Sir Paul McCartney has opened up about his reunion with Beatles bandmate John Lennon, before his death.
The Come Together stars had a well-documented feud during their time in the group – also made up of George Harrison and Ringo Starr – when the late star announced he was leaving, in 1969.
Discussing their relationship in a 1971 interview, he insisted that he couldn’t ever see himself working with his bandmate ever again.
But Sir Paul, 78, revealed they managed to put their difference behind them before John’s untimely dead, in 1980.
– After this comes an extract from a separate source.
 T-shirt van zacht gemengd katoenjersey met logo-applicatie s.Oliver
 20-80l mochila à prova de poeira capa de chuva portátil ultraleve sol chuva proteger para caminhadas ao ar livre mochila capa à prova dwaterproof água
Speaking to his son, Sean Ono Lennon, for Radio 2’s John Lennon at 80 series, he explained it would have been a ‘heartache’ for him if they hadn’t patched their bond up.
‘I always say to people, one of the great things for me was that after all The Beatles rubbish and all the arguing and the business, you know, business differences really … that even after all of that, I’m so happy that I got it back together with your dad,’ he said.
‘It really, really would have been a heartache to me if we hadn’t have reunited. It was so lovely that we did and it really gives me sort of strength to know that.’
Recalling their work relationship, he continued: ‘You think, “Wow, how lucky was I to meet this strange Teddy boy off the bus who turned out to play music like I did. And we get together!”
‘Boy, we complemented each other. It was a bit ying yang. They say with marriages opposites attract and I think we weren’t like madly opposite, but I had some stuff he didn’t have, and he had some stuff I didn’t have.
‘When you put them together it made something extra, which I think was this.’
After a decade of delighting fans around the world, and blessing us with hits including Hey Jude and Here Comes The Sun, the Beatles eventually went their separate ways in 1970, a decade after they first hit the scene.
And Sir Paul compared their break-up to a divorce, with their final song – Let It Be – feeling like a gloomy ‘cloud’.
‘You know what I think it was, I think it was the fact that The Beatles were breaking up, which was a very difficult time for us, it was like a divorce, you know,’ he added. ‘So it’s very difficult to collect your thoughts and to just be jolly.
‘By the time Let It Be came about that became the story of the film. And then that coupled with the fact that we’d broken up, left it a gloomy … sort of cloud in the room, and I’d always bought into that.
‘For years when people say, “Oh,” about Let It Be I go, “Yeah, you know, I didn’t really like it because it was such a gloomy period.”’
As well as Sir Paul, Sean will also be speaking to Sir Elton John and brother Julian Lennon to discuss John’s impact on the world.
John Lennon At 80 airs 3 – 4 October, at 9pm, on BBC Radio 2 and will be available on BBC Sounds.